DESCRIPTION: "We are a band of brothers, and native to the soil, Fighting for the property we gained by honest toil... Hurrah for the bonny blue flag that bears the single star." The states which joined the Confederacy are chronicled and praised
AUTHOR: Words: Harry McCarthy
EARLIEST DATE: 1861 (sheet music published by A. E. Blackmar & Bro. of New Orleans)
KEYWORDS: Civilwar patriotic
FOUND IN: US(SE,So)
REFERENCES (10 citations):
Belden, pp. 357-359, "The Bonnie Blue Flag" (1 text)
Randolph 214, "The Bonnie Blue Flag" (1 text, 1 tune)
BrownIII 379, "The Bonnie Blue Flag" (1 text plus mention of 1 more probably from the same informant)
RJackson-19CPop, pp. 34-38, "The Bonnie Blue Flag" (1 text, 1 tune)
Scott-BoA, p. 220, "The Bonny Blue Flag (Southern)" (1 partial text, tune referenced)
Silber-CivWar, pp. 52-53, "The Bonnie Blue Flag" (1 text, 1 tune)
Hill-CivWar, p. 210, "The Bonnie Blue Flag" (1 text)
Krythe 8, pp. 133-141, "The Bonnie Blue Flag" (1 text, 1 tune)
Darling-NAS, pp. 349-350, "The Bonnie Blue Flag" (1 text)
DT, BONBLUE*

ST R214 (Full)
Roud #4769
RECORDINGS:
Mary C. Mann, "Bonnie Blue Flag" (AFS A-488, 1926)
Old South Quartette, "The Bonnie Blue Flag" (Cyl.: Edison Amberol 389, 2175, 1909)

CROSS-REFERENCES:
cf. "The Irish Jaunting Car" (tune& meter)
cf. "The Homespun Dress" (tune & meter)
cf. "The Northern Bonnie Blue Flag" (tune & meter)
cf. "The Southern Girl's Reply (True to the Gray)" (tune & meter)
cf. "Counties of Arkansas" (tune & meter)
SAME TUNE:
The Southern Girl's Reply (True to the Gray) (File: Wa156)
The Homespun Dress (File: R215)
The Northern Bonnie Blue Flag (File: SBoA218)
The Counties of Arkansas (File: R876)
Gathering Song (by Annie Chambers Ketchum) (War Songs and Poems of the Southern Confederacy, pp. 329-330)
NOTES: This song, written by an immigrant Irishman very early in the Civil War (Belden has a note that Fitz-Grald credits the words to Annie Chambers Ketchum, with Harry McCarthy supplying the tune, but almost all sources credit the song to McCarthy), refers to the first Confederate flag, later succeeded by the "Stars and Bars."
The order the states are mentioned is roughly the order in which they left the Union.
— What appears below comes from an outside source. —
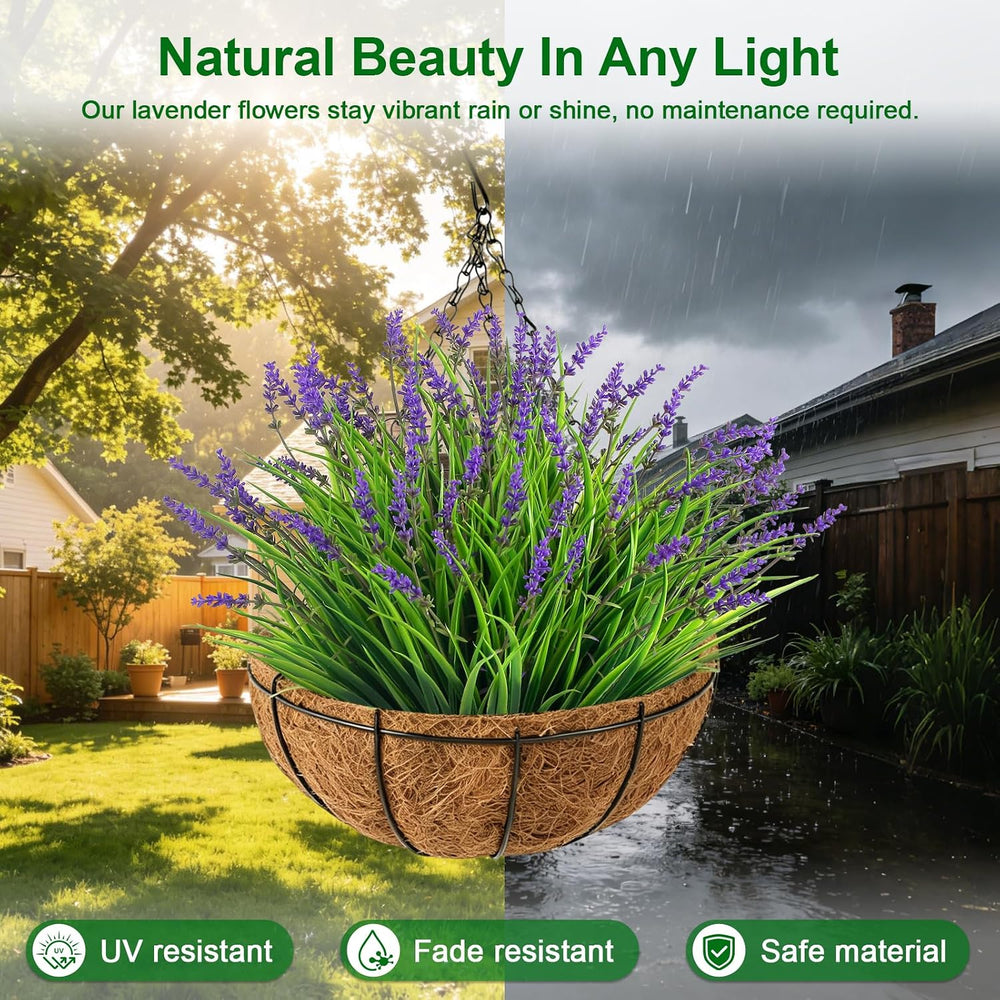 36 Bundles Artificial Plants & Flowers Adjustable Height Fake Lavender Fl...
South Carolina was first, obviously, followed by the various states of the Deep South (Alabama, Mississippi, Georgia, Florida; Louisiana and Texas took slightly longer because of their remote location). It was not until after the attack on Fort Sumter that the border states of Virginia, Arkansas, Tennessee, and (last of all) North Carolina seceded.
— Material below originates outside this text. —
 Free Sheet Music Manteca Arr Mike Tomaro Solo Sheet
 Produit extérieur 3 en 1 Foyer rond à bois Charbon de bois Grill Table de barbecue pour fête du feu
Jefferson Davis was, of course, the first and only President of the Confederacy, and Alexander Stephens its Vice President.
Krythe's notes on this song contain several errors. The captain of the Alabama was not "Admiral Symmes" but Captain (later Admiral) Raphael Semmes, and General Wickham's first name was not William but Williams (with an s).
Harry McCarthy was only 27 when he wrote this song, but managed to avoid Confederate service as a British citizen. What's more, he fled to the North once the outlook for the Confederacy turned bad enough. He never wrote anything else of note, either.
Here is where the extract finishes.